Stuttgart (dpa) – Der Polizeieinsatz geht furchtbar schief. Statt Drogen finden die Fahnder im Stuttgarter «Tatort» 23 Tote in einem Lastwagen auf einem Autobahn-Rastplatz. Die Flüchtlinge waren in Bretterverschlägen erstickt – hätte die Polizei nicht so lange auf die Ankunft von Schmugglern gewartet, wären die Afrikaner gerettet worden. «23 Menschen sind krepiert, während wir 20 Meter entfernt waren», ringt Ermittler Thorsten Lannert (Richy Müller) um Fassung. Zusammen mit seinem Partner Sebastian Bootz (Felix Klare) will er die Verantwortlichen zur Strecke bringen. «Tatort – Im gelobten Land» (Sonntag, 20.15 Uhr) ist ein düsterer TV-Film mit realem Bezug.

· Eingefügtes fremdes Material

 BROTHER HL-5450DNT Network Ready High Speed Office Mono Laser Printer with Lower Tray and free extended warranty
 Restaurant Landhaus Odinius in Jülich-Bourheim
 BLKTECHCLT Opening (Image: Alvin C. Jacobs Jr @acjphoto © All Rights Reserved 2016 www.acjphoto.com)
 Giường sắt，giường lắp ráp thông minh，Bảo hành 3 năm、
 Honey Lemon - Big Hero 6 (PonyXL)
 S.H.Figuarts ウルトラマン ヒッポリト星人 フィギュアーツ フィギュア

Im vergangenen Sommer machte der Tod von 71 Flüchtlingen in einem Lastwagen in Österreich grauenvolle Schlagzeilen. Der «Tatort» nähert sich dem Thema über den fiktiven Fernsehfall an. Die Schleuser seien weltweit vernetzt – «wie Reiseveranstalter», erklärt Staatsanwältin Álvarez (Carolina Vera). «Die haben überall Büros, wo sie Schleusungen nach Europa anbieten, Nordafrika, Syrien, Istanbul.» Nicht nur die Handlanger vor Ort wollen die Ermittler zur Strecke bringen, sondern auch die Hintermänner, «die Bosse der Bosse», wie die Staatsanwältin sagt. Als ominöser Schattenmann wird der Oberboss in einer Szene schablonenhaft in die Handlung eingeführt.

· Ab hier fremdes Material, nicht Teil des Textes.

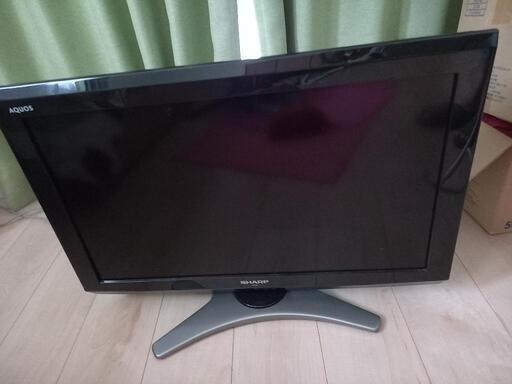 *ジャンク品*テレビAQUOS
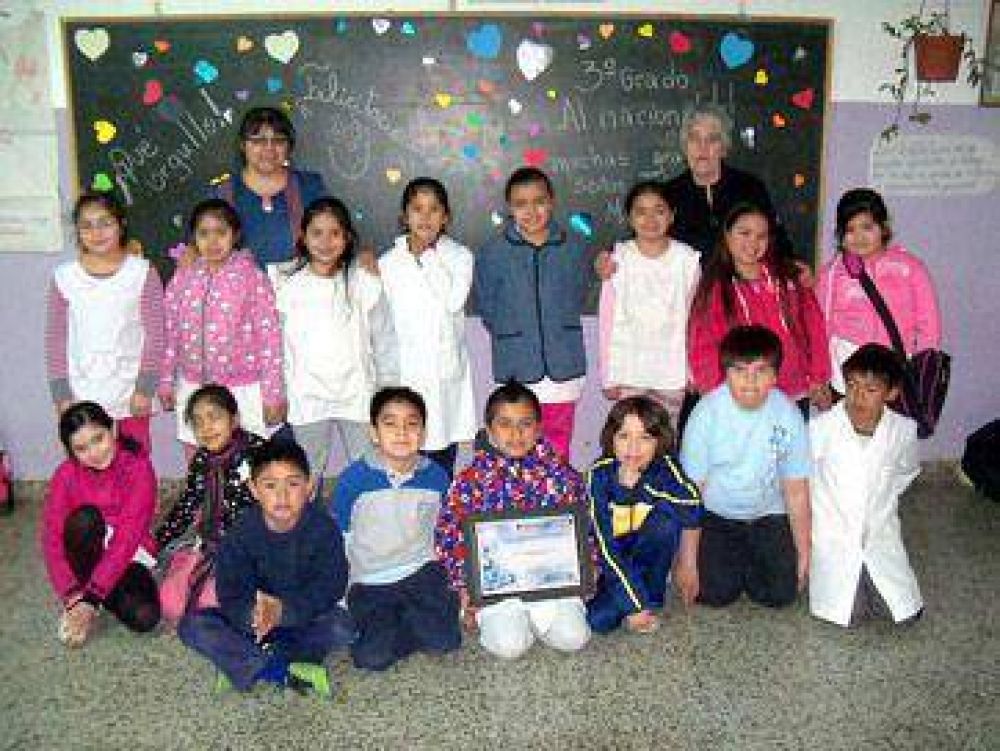 Proyecto de alumnos representar� a Esquel en la Feria Nacional de Ciencias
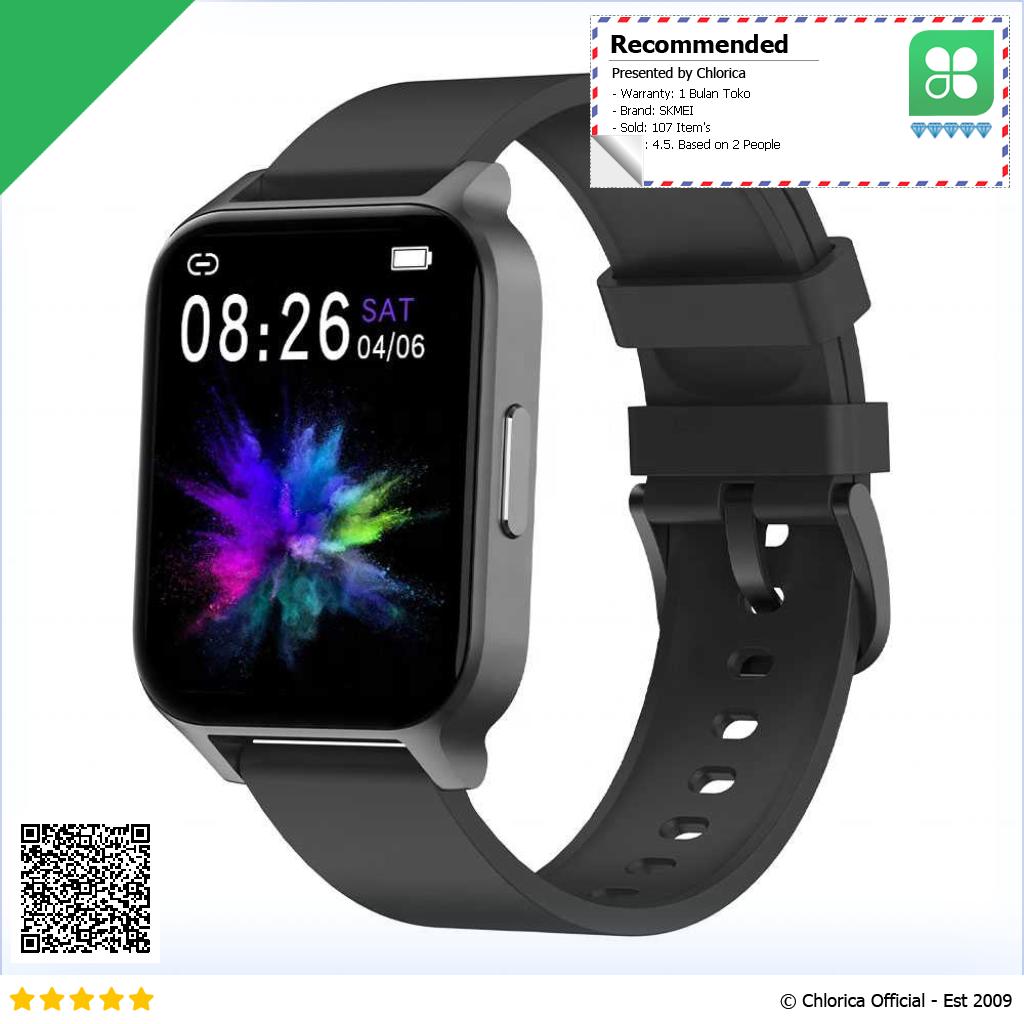 SKMEI Smartwatch Sport Fitness Tracker Heart Rate X5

Die Afrikanerin Lela (Florence Kasumba) ist als Flüchtling schon in Deutschland und wartet auf die Ankunft ihrer Familie. Ihr bitteres Fazit über das Gastland in gebrochenem Deutsch: «In Afrika alle glauben, ist Paradies, aber ist nix.» Kulisse für den Großteil des Films sind heruntergekommene Plattenbauten, in denen Flüchtlinge ihr Leben fristen. Dorthin führen die Wege der Menschenschlepper, dorthin irrlichtert Lannert, entschlossen, die Schuldigen zur Rechenschaft zu ziehen.

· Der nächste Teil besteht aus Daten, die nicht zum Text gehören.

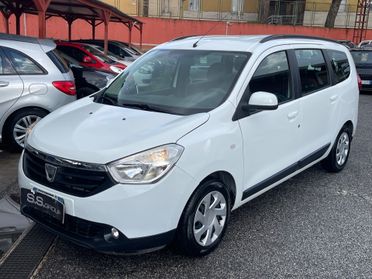 Lodgy 1.6 GPL 7 posti /RATE/GARANZIA/PERMUTE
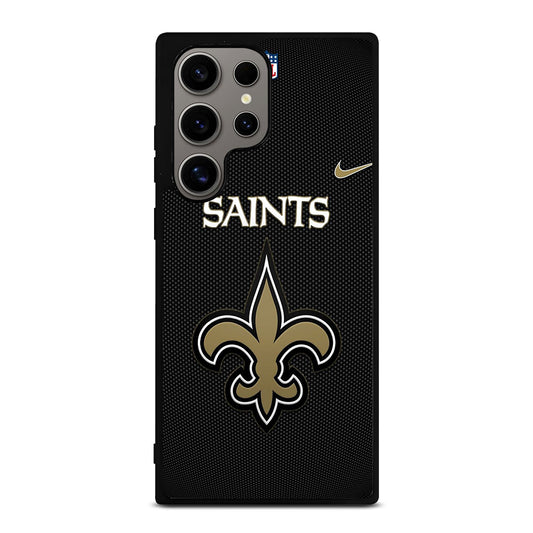 NEW ORLEANS SAINTS NFL Samsung Galaxy S24 Ultra Case Cover
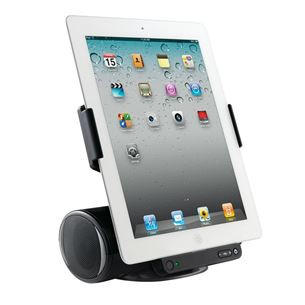 Skaļruņi AV Stand priekš iPad, Logitech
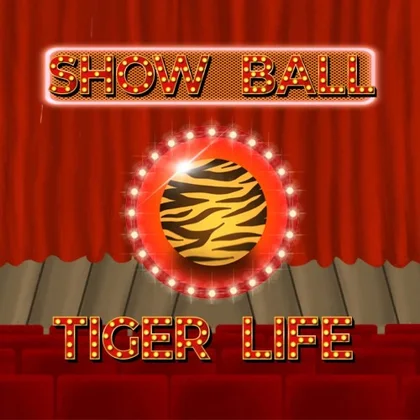 Show Ball: Tiger Life cover art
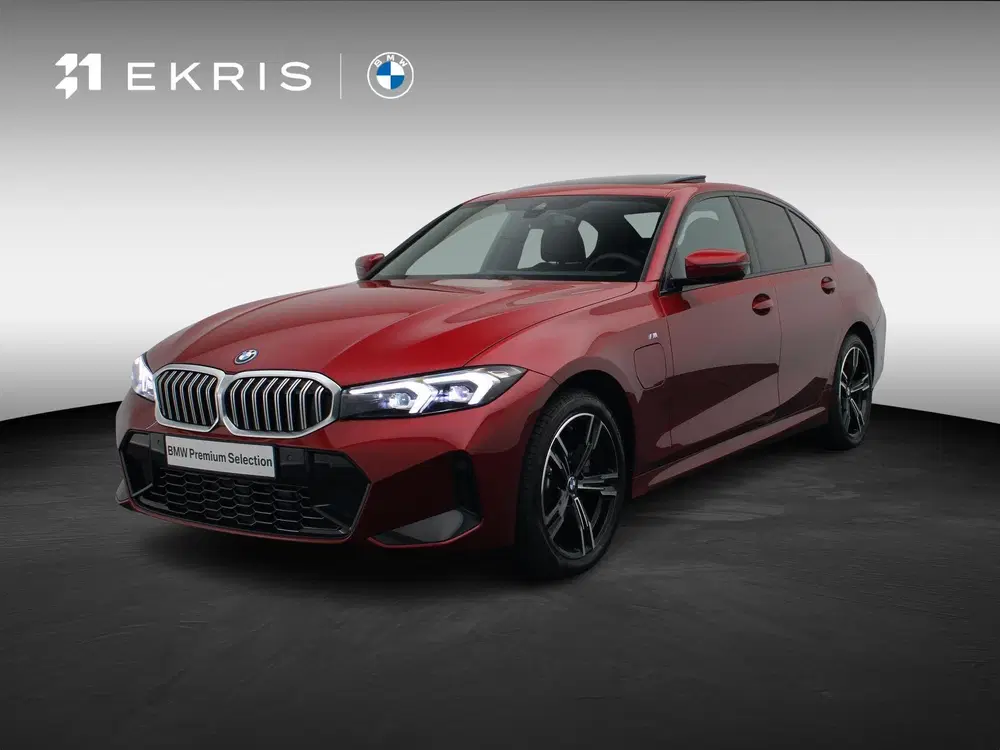 BMW 3-serie Sedan 330e M Sportpakket uit 2026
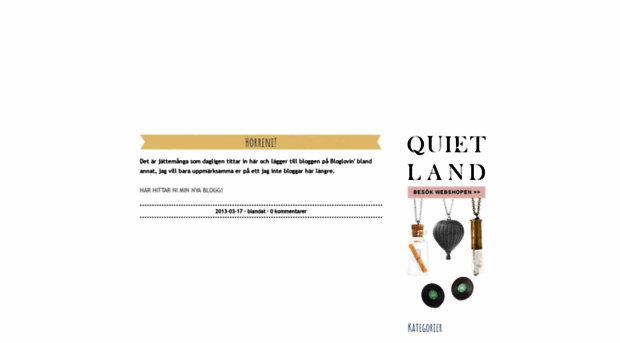 quietland.blogg.se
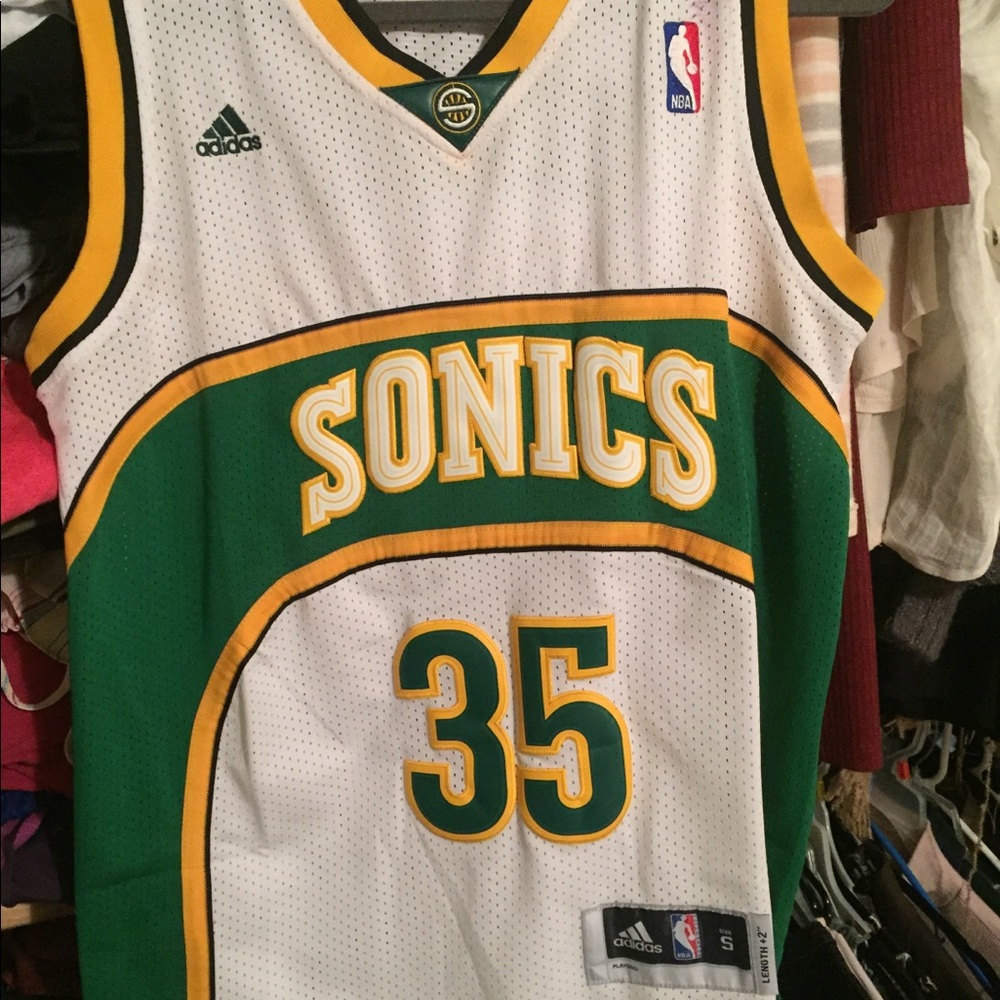 Adidas Sonic Jersey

«Tatort»-Macher verpassen der Handlung häufig auch einen privaten Strang: Familienstress oder Eheprobleme sollen Zuschauern alltagstaugliches Identifikationspotenzial bieten. Im Fall der Stuttgarter Kommissare hat sich dies zuletzt erschöpft, nachdem die beiden Kommissare so ziemlich alle möglichen privaten Rückschläge meistern mussten. Eine Stärke des neuen Stuttgarter Krimis ist es, dass der Drehbuchautor, «Tatort»-Routinier Christian Jeltsch, und Regisseur Züli Aladag auf das private Bohey verzichten und sich auf das Flüchtlingsdrama konzentrieren.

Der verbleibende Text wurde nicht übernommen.